Bringing the Ballibay philosophies of non-competitive play and process-oriented education is a long-term goal, which can be incorporated into home lives in a holistic way. Which is great—really! But what about helping kids adjust in a more immediate sense? How to stop the moodiness that descends pretty much the very minute your car starts crunching down the long, wooded road that leads away from camp, back to home? Surely I can’t be the only parent whose children greet her with tears that are both a product of excitement and of despair?
In the past five years of picking up my kids from camp, I’ve learned that—much in the same way it is incredibly annoying when people start talking about a movie you’ve just seen before the credits have even started rolling—the best thing to do is give your kids some space as you leave one realm and enter into the next. Don’t pepper them with questions about what they did or who they befriended. Let them tell you as they’re ready. They might be ready an hour into your drive home. Or they might be ready in a week. Or they might prefer to write their thoughts and feelings in a journal instead of ever telling you. All this is fine. It’s your job to help them find their comfort zone.
Beyond that, though, let them lead their adjustment period by showing you the things they did at camp that they want to do at home.
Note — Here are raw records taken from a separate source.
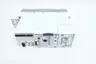 LENZE E84AVSCE7514SX0 INVERTER DRIVE 400/500V-AC 0.75KW 0-400/500V-AC 0-599HZ thumbnail 1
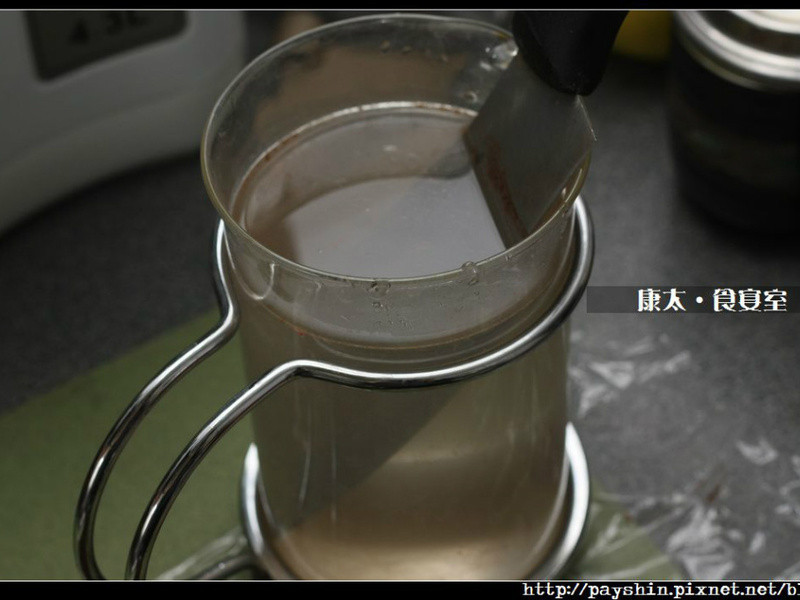 ����ݮ�Ͱ�ӥ�����̡���ݮ�������ɿ���������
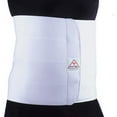 thumbnail image 4 of Ita-Med Unisex Elastic Abdominal Binder (12” Wide): AB-412 L, 4 of 4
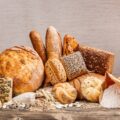 بهترین نان رژیمی برای لاغری | معرفی ۱۰ نوع نان سبوس‌ دار و کم‌ کالری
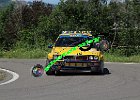IMG_8781.JPG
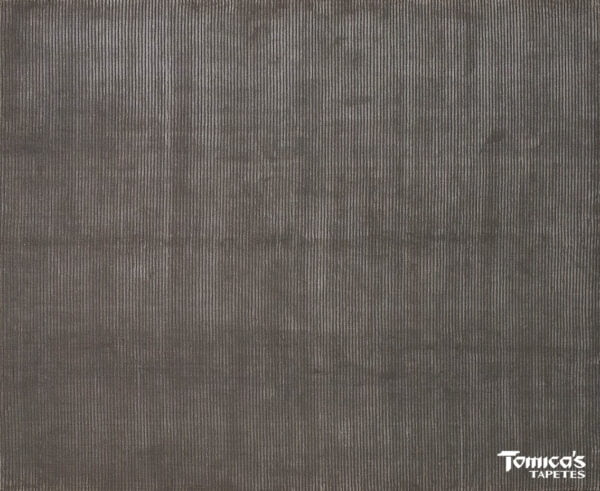 Tapete I Tibet Cotele <br> Medida: 247 x 204 = 504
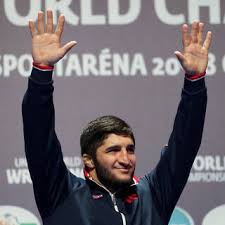 • olympic champion 4х world 5х european 2x european games winner world cup помощник депутата госдумы рф по рекламе. 5vq8ghzkoaxtrm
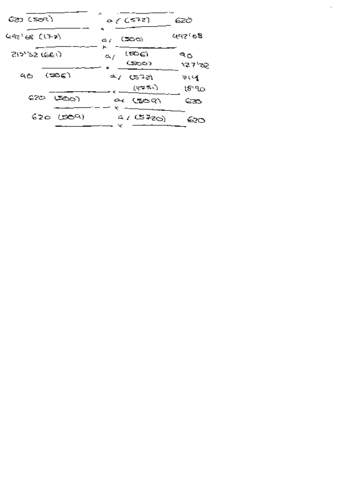 supuestos-sociedades-56.pdf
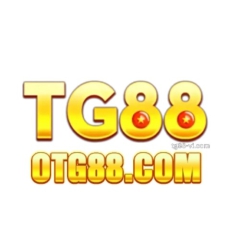 otg88com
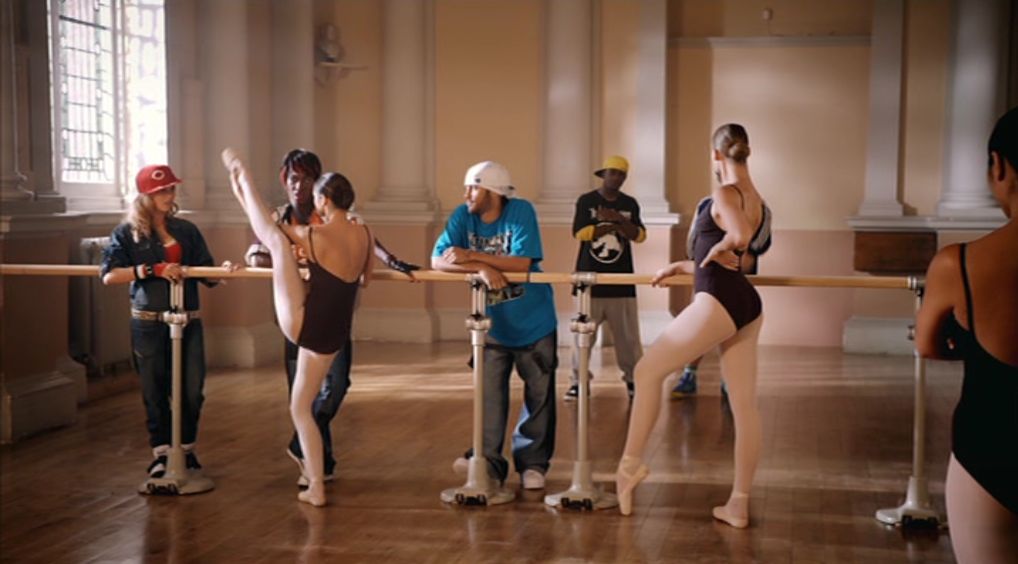 streetdance 2.jpg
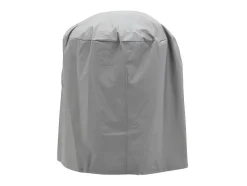 Klas Hoezen Voor Tuinmeubelen 90X90X90Cm Grijs.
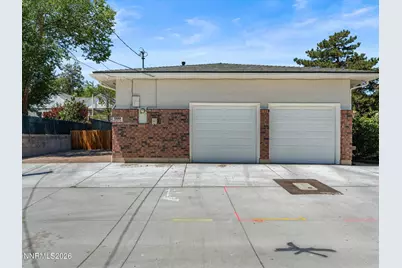 1220 Wright Street, Reno, NV 89509 - Photo 27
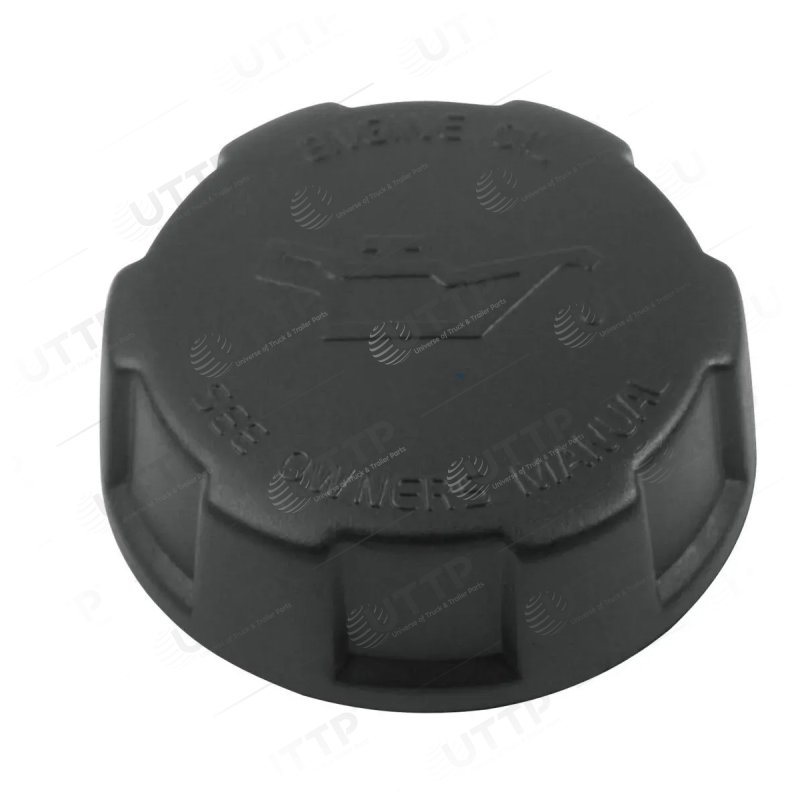 4.16.07114 Nolu UTTP ürünü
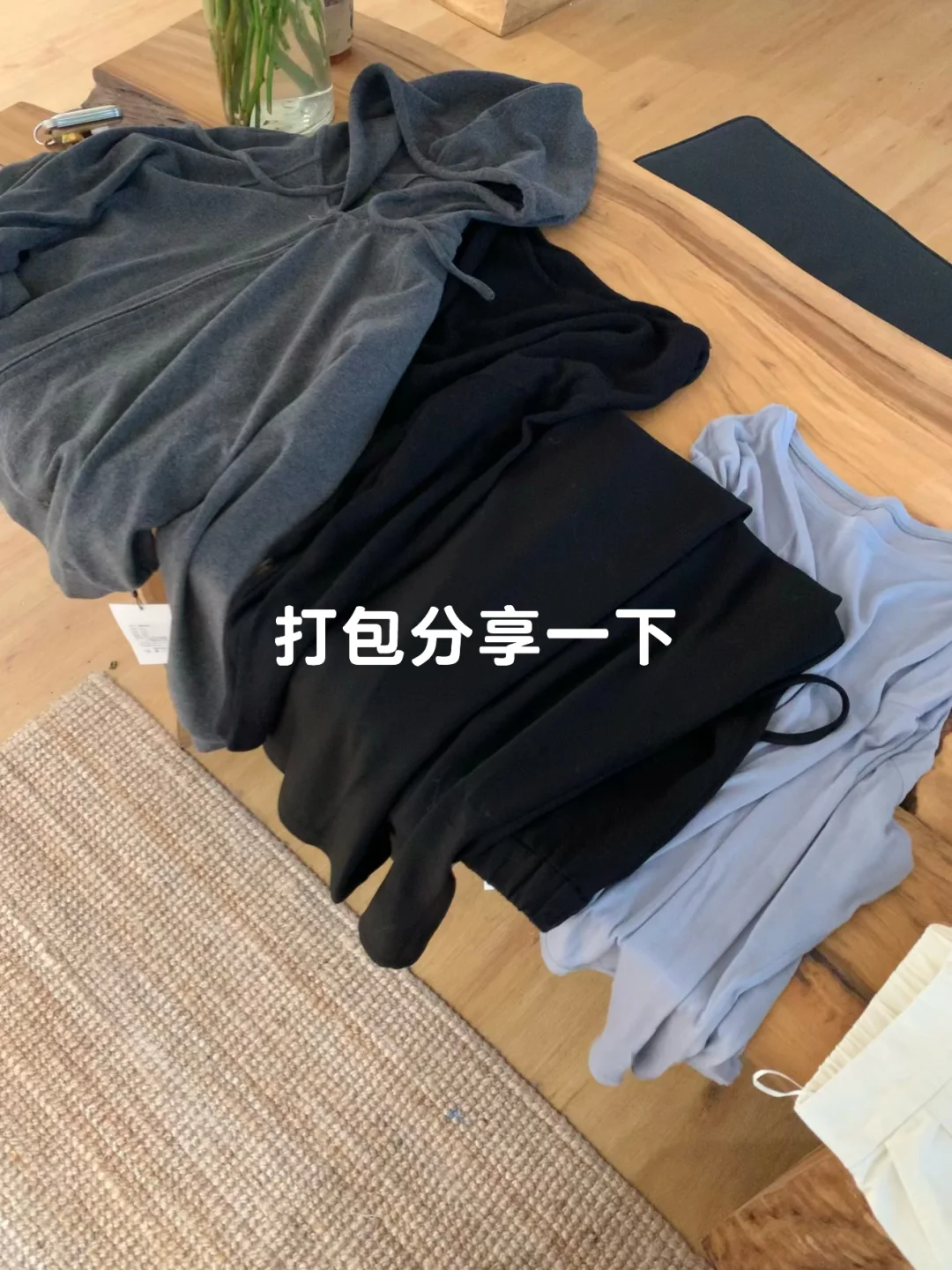 邯郸韩系少女的宝藏衣橱 | 一秒变韩系女主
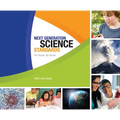 Next Generation Science Standards: For States, by States - Paperback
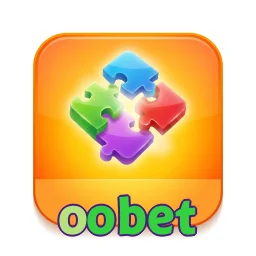 oobet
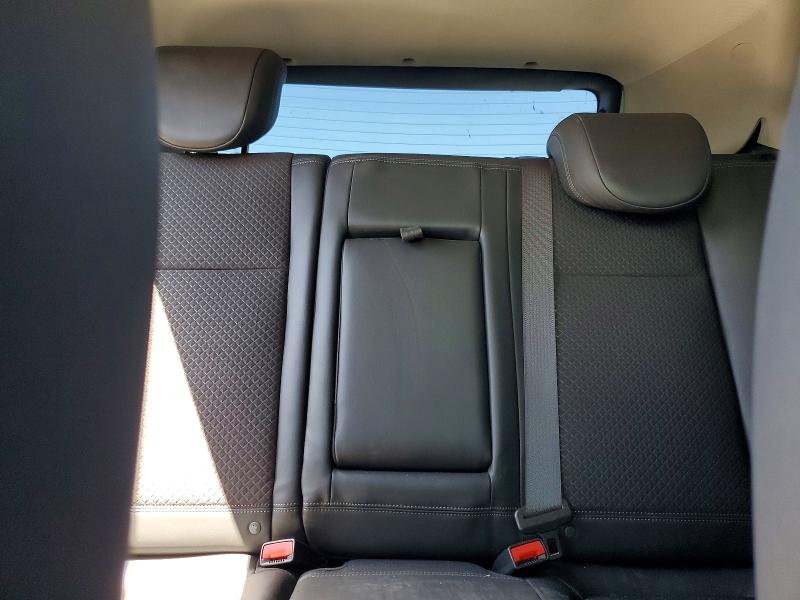 55642316 :رقم المزاد ، KL4CJASM5NB508776 vin ، 2022 Buick Encore مزاد بيع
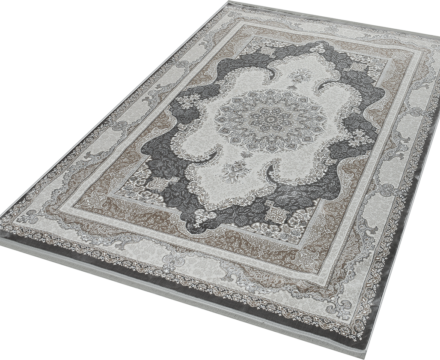 36945A stan GREY / GREY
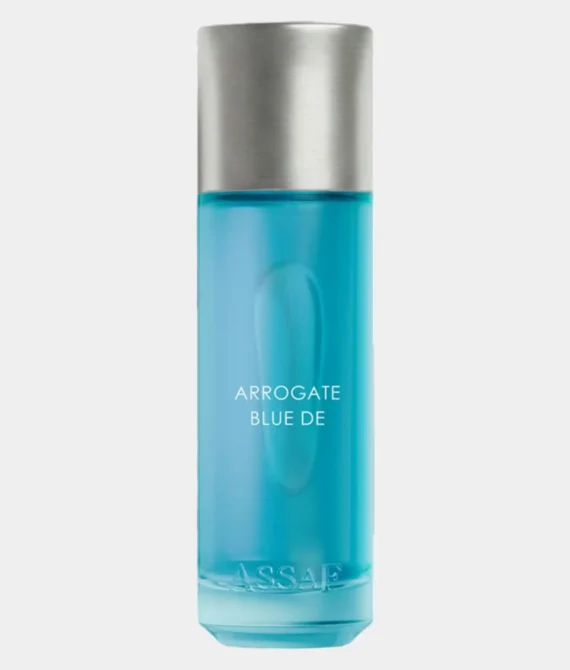 Arrogate Blue De Assaf 200ML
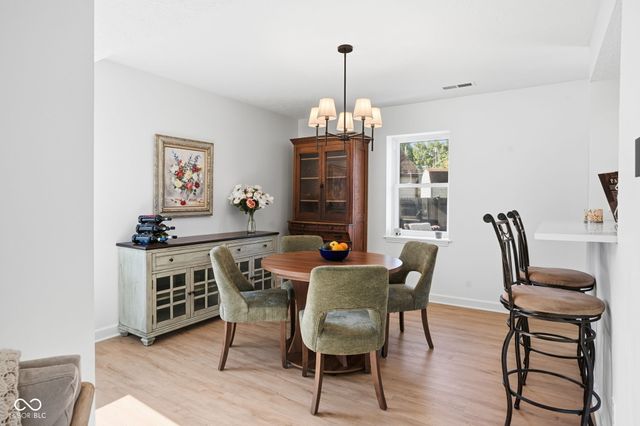 9138 Hardwood Court, Indianapolis, IN 46250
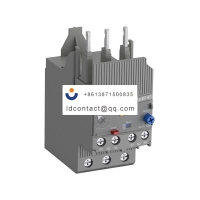 EF45-45  ABB  10117516_EF Electroni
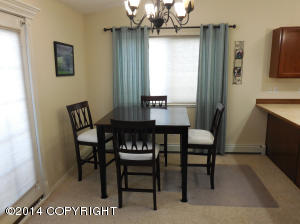 11852 Galloway Loop # 42, Eagle River, AK 99577 photo 10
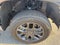 2023 Toyota Tundra 4WD 4WD Platinum CrewMax 5.5' Bed (Natl)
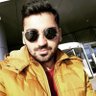 Cəmil Haciyev profil fotoğrafı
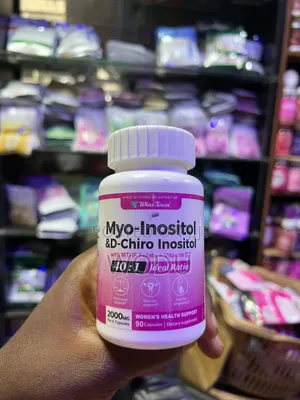 Supplements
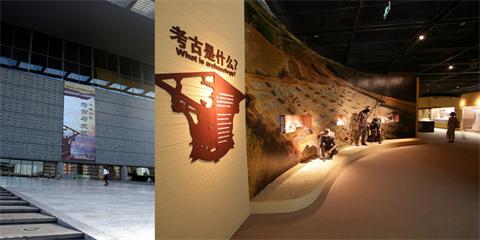 杰出青年設計師姜靖波：建筑美術中的詩情和畫意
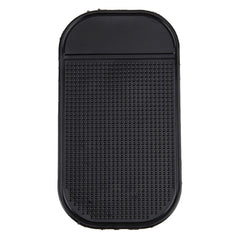 10 PCS Car Anti-Slip Mat Super Sticky Pad for Phone / GPS/ MP4/ MP3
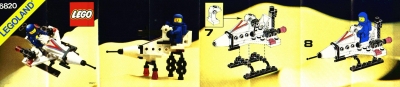 LEGO 6820-Starfire-1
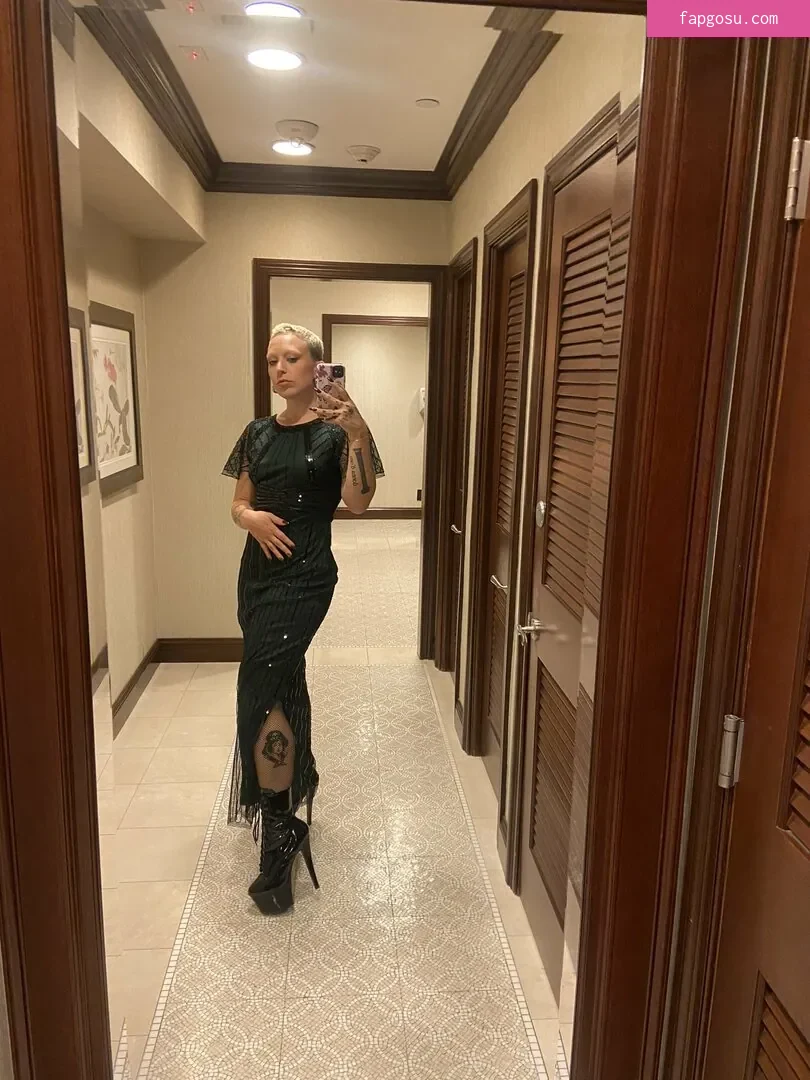 Alyssa Mercante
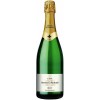 Cava Heretat el Padruell Brut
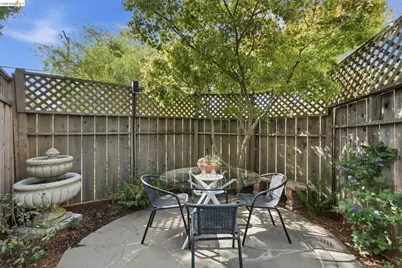 2343 Roosevelt Ave, Berkeley, CA 94703 - Photo 51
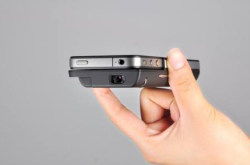 投影儀 投影儀專題 投影儀標(biāo)簽 znds資訊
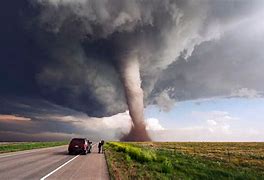 Image result for Worst Tornado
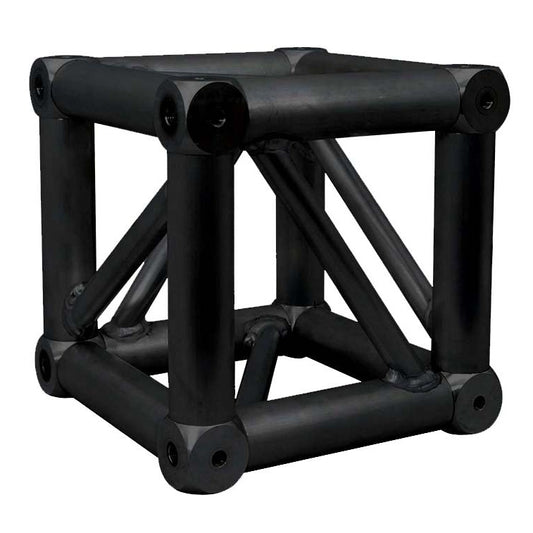 GAMMA GT-290mm / 6 Way Cube Truss (Black)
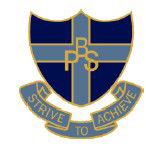 Bourke Public School - Education Sydney 0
Campers spend time at Ballibay making things, from ceramics to sewn goods to paintings; carry over this creativity into your home life. Leave things out for your kids so that they can direct their own activities. Encourage them to cook with you and go to the farmer’s market to get vegetables, both reminiscent of activities available at Ballibay. You don’t need to mimic camp to help them adjust, but it doesn’t hurt to give them the option of continuing some of their favorite activities.
Also, encourage your kids to stay in touch with their camp friends. Communication is, obviously, easier than ever these days, but sometimes kids get a little shy about initiating contact post-camp. Don’t put pressure on them, but definitely encourage them to do so. Friends made at camp are a wonderful resource for kids, particularly those kids who sometimes have a hard time socially at school.
And then finally, a fun thing to do would be getting a little pop culture involved. Read camp-centered books like Meg Wolitzer’s The Interestings or Ned Vizzini’s The Other Normals; watch movies like Addams Family Values and Wet Hot American Summer, which are doubtlessly far from your camper’s experiences, but still super fun nonetheless. Just have a good time with the whole thing. And remember, the opening day of Ballibay 2018 is only a mere 11 months away.